WORK TO BE COMPLETED
Write out again, unchanged, the line that has "Paper Towel - Scott®" and each following line through the end of the entries below; leave pictures out.
[Opening RECORD EXCERPTS section]
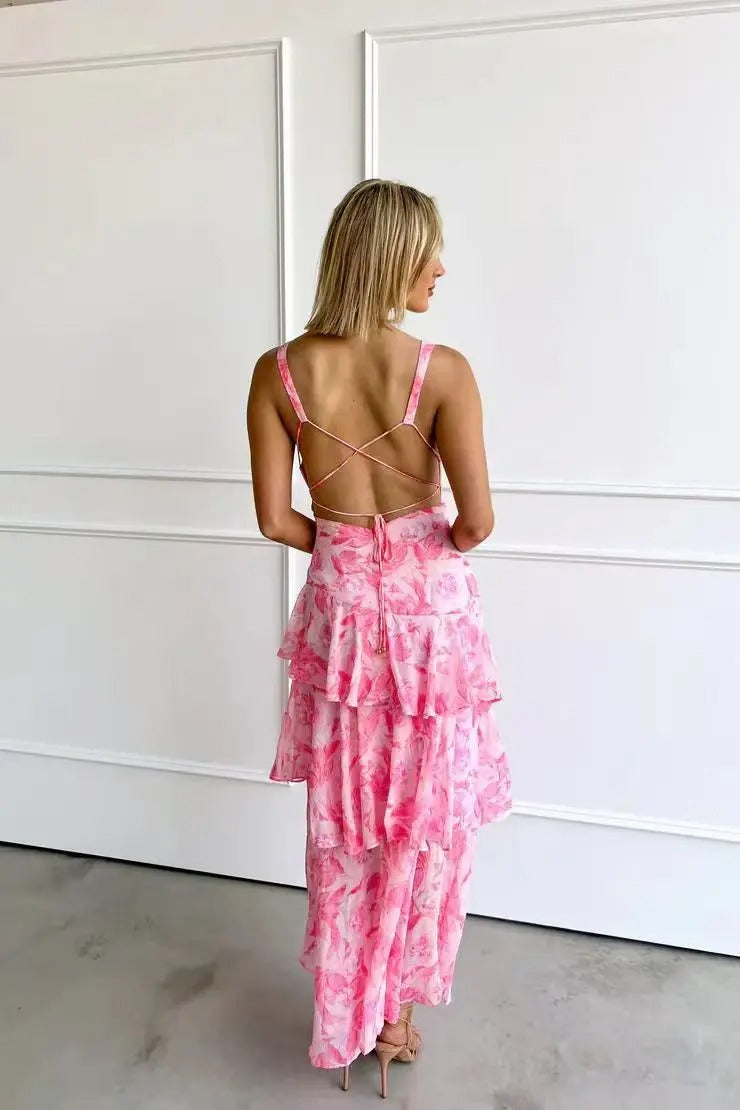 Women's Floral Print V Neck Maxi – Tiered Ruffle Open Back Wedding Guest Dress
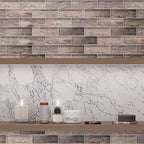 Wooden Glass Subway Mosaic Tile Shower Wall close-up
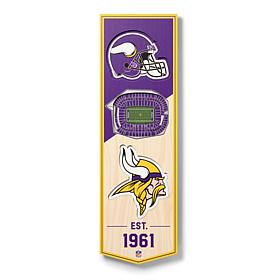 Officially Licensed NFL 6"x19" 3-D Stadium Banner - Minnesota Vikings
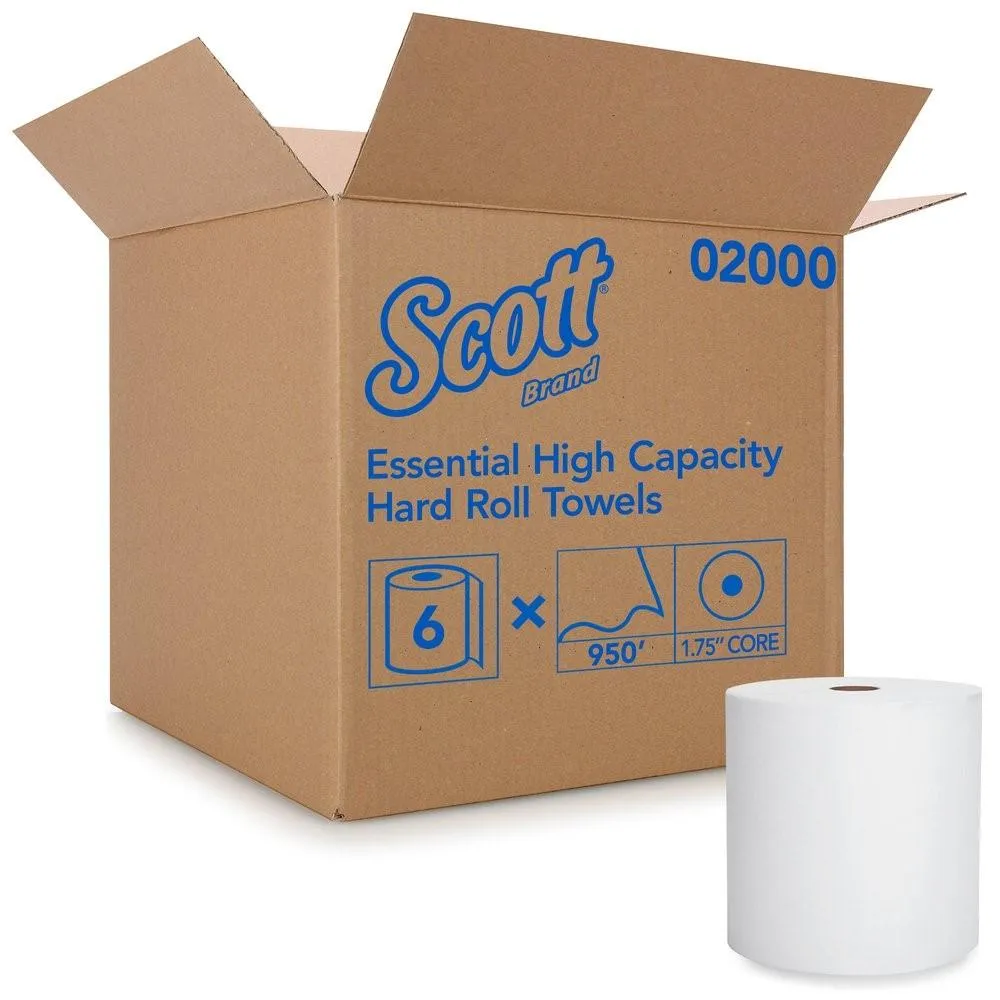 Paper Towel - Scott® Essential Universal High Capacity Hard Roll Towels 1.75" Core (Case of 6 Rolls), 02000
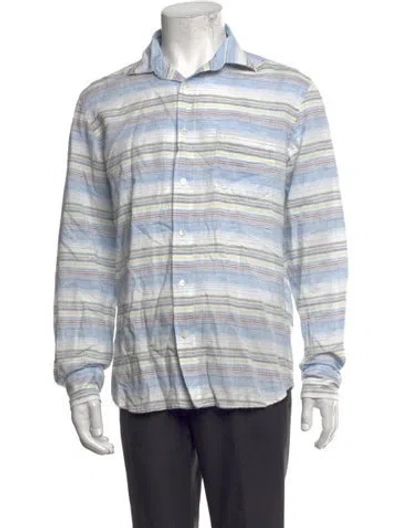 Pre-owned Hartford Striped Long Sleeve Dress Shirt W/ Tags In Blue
[Closing RECORD EXCERPTS section]
TASK RESULT
 Paper Towel - Scott® Essential Universal High Capacity Hard Roll Towels 1.75" Core (Case of 6 Rolls), 02000
 Pre-owned Hartford Striped Long Sleeve Dress Shirt W/ Tags In Blue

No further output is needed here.